(WHAT IS REQUIRED) Every line below must be copied as written, except for pictures.

(PROVIDED ENTRIES)
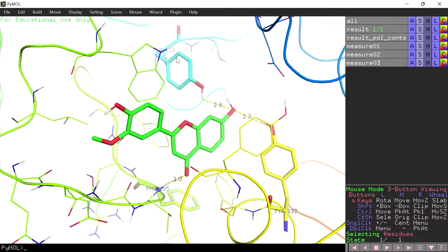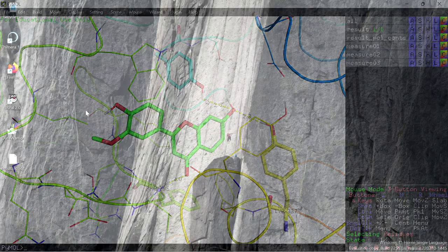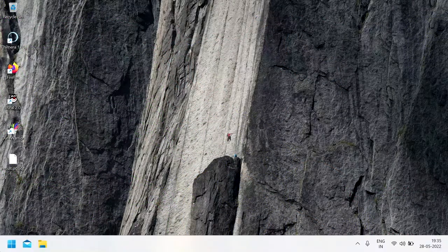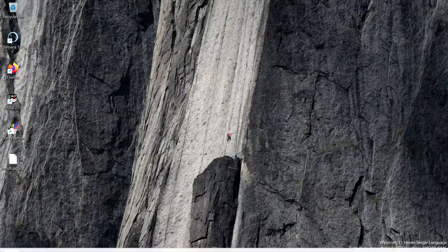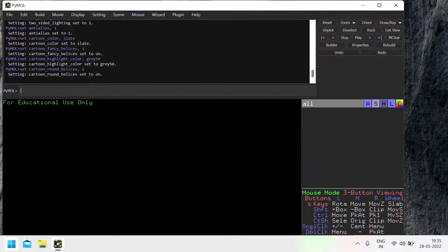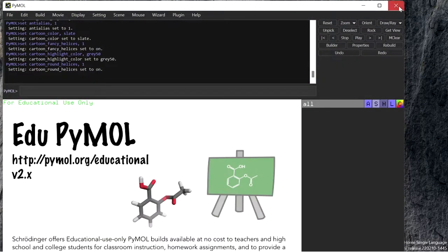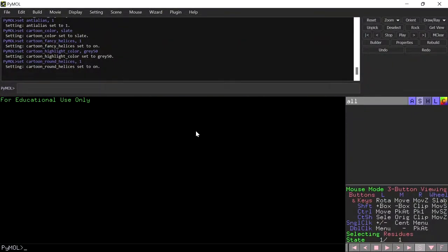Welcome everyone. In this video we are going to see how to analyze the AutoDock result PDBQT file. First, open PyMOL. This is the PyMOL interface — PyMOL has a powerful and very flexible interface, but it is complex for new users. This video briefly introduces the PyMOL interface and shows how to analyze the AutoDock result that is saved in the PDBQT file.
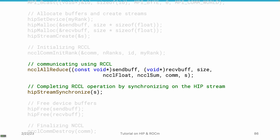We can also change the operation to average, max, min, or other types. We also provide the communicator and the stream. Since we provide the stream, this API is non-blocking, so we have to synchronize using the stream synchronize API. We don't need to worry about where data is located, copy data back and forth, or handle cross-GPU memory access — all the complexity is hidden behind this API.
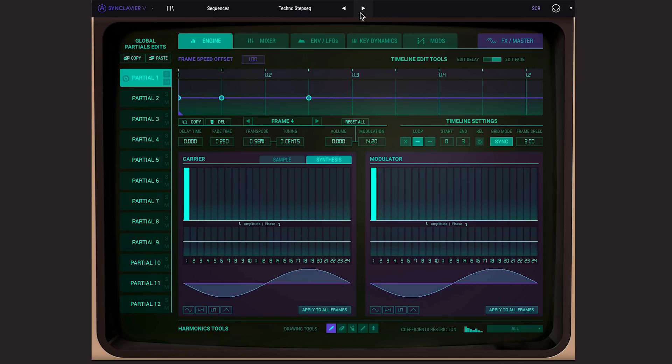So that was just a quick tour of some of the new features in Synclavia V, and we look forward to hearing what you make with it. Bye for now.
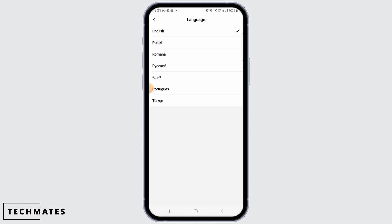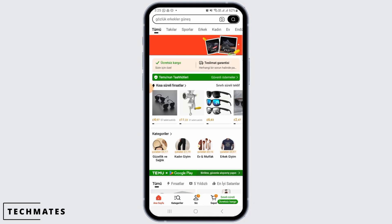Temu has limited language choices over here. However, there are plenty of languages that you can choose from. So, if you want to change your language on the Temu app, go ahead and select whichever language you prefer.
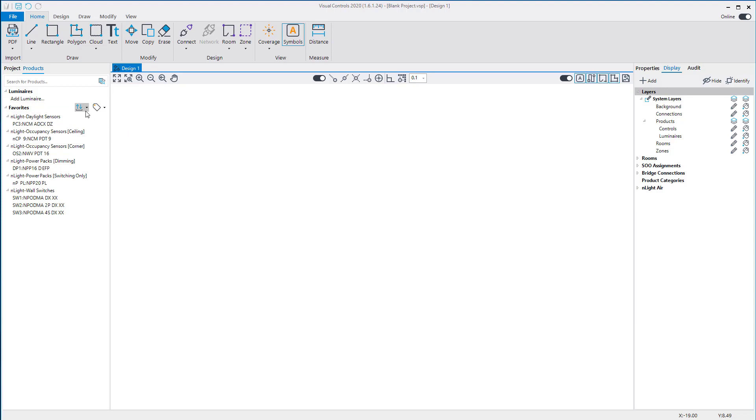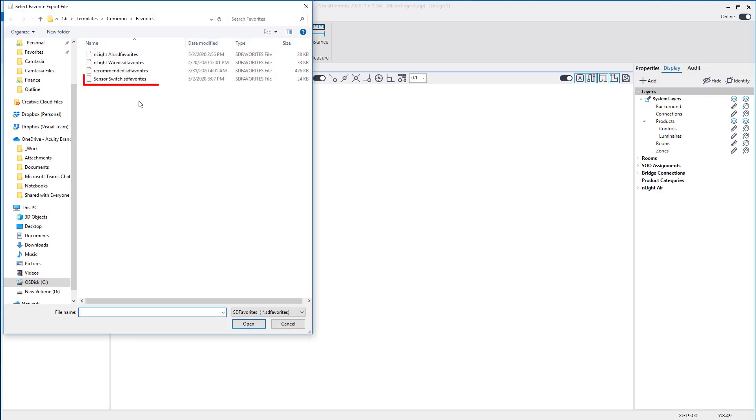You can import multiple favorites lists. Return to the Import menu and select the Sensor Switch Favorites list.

(TASK RESPONSE)
Welcome everyone. In this video we are going to see how to analyze the AutoDock result PDBQT file. First, open PyMOL. This is the PyMOL interface — PyMOL has a powerful and very flexible interface, but it is complex for new users. This video briefly introduces the PyMOL interface and shows how to analyze the AutoDock result that is saved in the PDBQT file.
We can also change the operation to average, max, min, or other types. We also provide the communicator and the stream. Since we provide the stream, this API is non-blocking, so we have to synchronize using the stream synchronize API. We don't need to worry about where data is located, copy data back and forth, or handle cross-GPU memory access — all the complexity is hidden behind this API.
So that was just a quick tour of some of the new features in Synclavia V, and we look forward to hearing what you make with it. Bye for now.
Temu has limited language choices over here. However, there are plenty of languages that you can choose from. So, if you want to change your language on the Temu app, go ahead and select whichever language you prefer.
You can import multiple favorites lists. Return to the Import menu and select the Sensor Switch Favorites list.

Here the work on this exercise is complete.